Laban’s biggest tragedy in life was the loss of his beloved sister Rebekah. He had tried to delay her leaving with the Servant decades ago. He had not succeeded. Now we skip twenty years later and this time another relative comes to claim a female from his family. He recognizes that he is going to lose his daughters. Ever since he heard that Yitzchak and Rebekah had twin sons, he has known (if he read the midrash) that both of them have first rights to his daughters. That was the way of the world according to the Talmudic midrash in Babba Batra 123a. Then Jacob came– and to Laban it was a re-play of the scene at the well with the servant and Rebekah—and fell for his daughter, just as Rebekah fell off her camel when she saw Isaac—it was love at first sight. All Laban wanted to do was postpone the inevitable.
Thus, to answer the question what is “everything” that is being jeopardized by Laban’s tactics to keep Jacob and his daughters and grandchildren with him in Aram: it is literally “everything” that God promised Abraham and his progeny. The promise was to inherit a land, to be the owners of this land, to live in peace in their own way on this land. The everything being jeopardized is the substance of God’s covenant with Abraham and Sarah and their offspring. In modern terms Laban getting his way would imply a total assimilation of the “Hebrew nation” to Aramean culture and civilization.
Why Does Rabbinic Tradition Demonize Laban?
So why paint him as full of iniquity, the embodiment of Israel’s foes throughout the centuries, and a threat to the very existence of Israel, worse even than Pharaoh himself? In other words, why do the rabbis demonize Laban?
To understand this, it is necessary to understand the hatred that is extended to other races or ethnic groups. We “other” them, turn them into enemies and subsequently our hatred is accompanied by racialization, as a consequence of real or perceived threat that one group feels from another. We perceive differences and then exploit them for political ends; legitimating ideology. Hatred allows us to define ourselves in comparison to others. We view those outside our group negatively. They are hateful and threatening. By negating them we also self-define. We are not what we hate.
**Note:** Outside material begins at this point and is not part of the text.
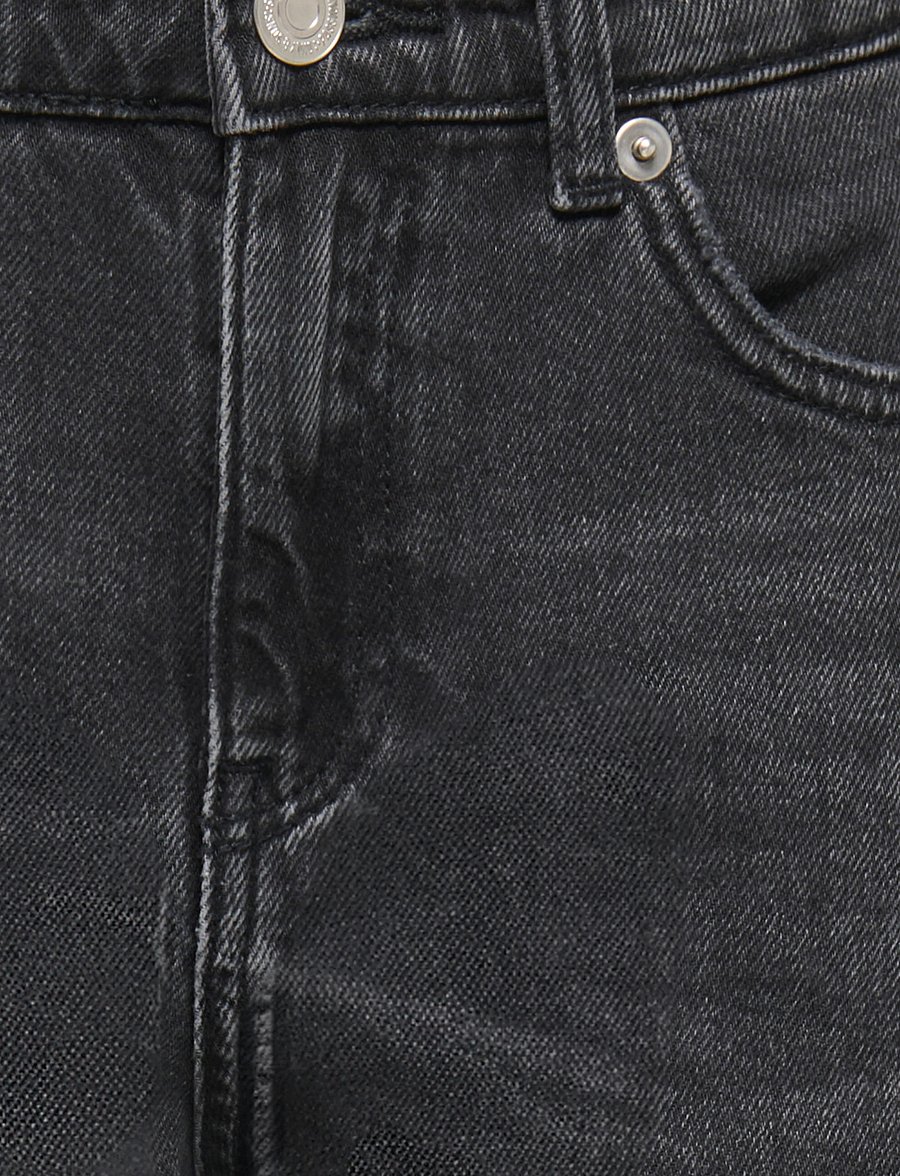 ONLY & SONS - OSJEDGE WB 2789 PIM DNM SHORTS NOOS - jeansshorts - washed black - 5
One uncomfortable truth the Rabbis may have been facing is that Jacob is depicted as every bit as cunning as his uncle. Jacob’s name can mean the deceiver—certainly that is how Esau understands it when he accuses Jacob of tricking him twice, once out of his birthright and next out of his blessing (Gen 27:36). Later, after being duped by Laban into marrying Leah, he gets back at Laban with his peeled-stick trick, ensuring that the baby sheep come out speckled or spotted. By calling Laban the deceiver, the Rabbis distanced themselves from Jacobs’s long history of deception.
In a similar fashion we have seen how the midrash consistently transposes the letters of arami to ramai, a scoundrel or cheat. Rebekah’s father and Laban are both scoundrels and cheats and by association all the inhabitants who lived in Syria/Aram.
Once upon a time WE were Arameans
Rachel, Leah and Jacob are breaking with the Aramean family connection, they have nothing more to gain by the association. No looking back to the Arameans and perhaps from now on the associations will have to be negative. It is probably worthwhile restating that had Jacob remained with Laban, they would have been subsumed into the latter’s family.
The distancing of Israel from Aram begins in the Bible. When Jacob appears at Laban’s house, Laban declares that the two are close family (עצמי ובשרי— “the same bone and flesh” (Gen. 29:14). When they meet in Gilad, Laban even suggests that, through their common ancestry, he and Jacob share the same God (Gen 31:53). But Jacob will not acknowledge this connection, and each man swears in the name of his own ancestral God. Moreover, the two men end up referring to the place of their oath in their respective languages, Hebrew for Jacob (גלעד), and Aramaic for Laban (יגר שהדותא).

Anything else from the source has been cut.